As Goes the Euro, so Goes Crude Oil
As much as crude oil is an OPEC cartel story, or lack thereof lately; it is mostly a currency story. In the midst of fundamental supply glut headlines, it is easy to dismiss the fact that crude oil is priced in U.S. dollars and its worth is highly sensitive to changes in the FOREX markets. Yet, in my opinion, currency valuation is the single most influential aspect in oil pricing.
Crude oil and the dollar are inversely correlated; thus, oil and the euro generally trade together. A historically high correlation between these two markets suggests they will either bottom together, or move lower together. Our best guess is both markets are closer to a low than most think, and as mentioned it is a reasonable to assume the euro has already seen its low.
We’ve noticed that the positive relationship between crude and the euro tends to strengthen and major tops and bottoms. Further, the euro seems to be the leader when it comes to trend reversals. In other words, when a trend is coming to an end it is the euro that makes the first move; after some excessive volatility, oil follows suit. This overlay chart depicts this phenomenon at the 2008 corresponding highs of the euro and crude oil, the 2009 lows, the 2010 lows, and again at the 2015 highs. We believe that Thursday’s euro short squeeze was the first hint at a significant trend reversal in both markets. However, crude oil will be prone to volatility before finally following suit (assuming it does).
Crude Oil COT Chart
The seasonal bottom in crude oil is due somewhere between December 10th and the 20th, but as we are constantly reminded seasonal patterns are estimations. They can come early, and they can come late…or in some years they don’t come at all. But, more often than not, seasonal tendencies are quite telling. With the seasonal bottom looming, we looked again to the COT issued by the CFTC to see what speculators were up to. We found that large speculators, who have been perpetually long crude oil, have liquidated the majority of their bullish holdings. According to the latest available stats, large speculators were holding about 240,000 long contracts. Judging by selling since these were figures collected, we suspect this group has liquidated further.

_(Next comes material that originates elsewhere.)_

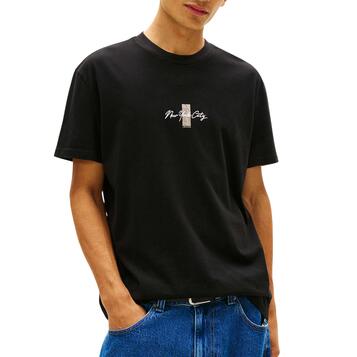 Ανδρικό T-Shirt Tommy Jeans Reg Sign Block Ss Tee Ext Black DM0DM22532-BDS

In the past, crude oil has found support when this group of traders has reduced their position size to about 200,000. On the most recent occasions in March and August of 2015, these bounces have been significant. If history repeats itself, a price reversal in crude oil should be looming as large speculators re-instate the long contracts they liquidated. Further, most of the liquidation sellers have probably already taken action.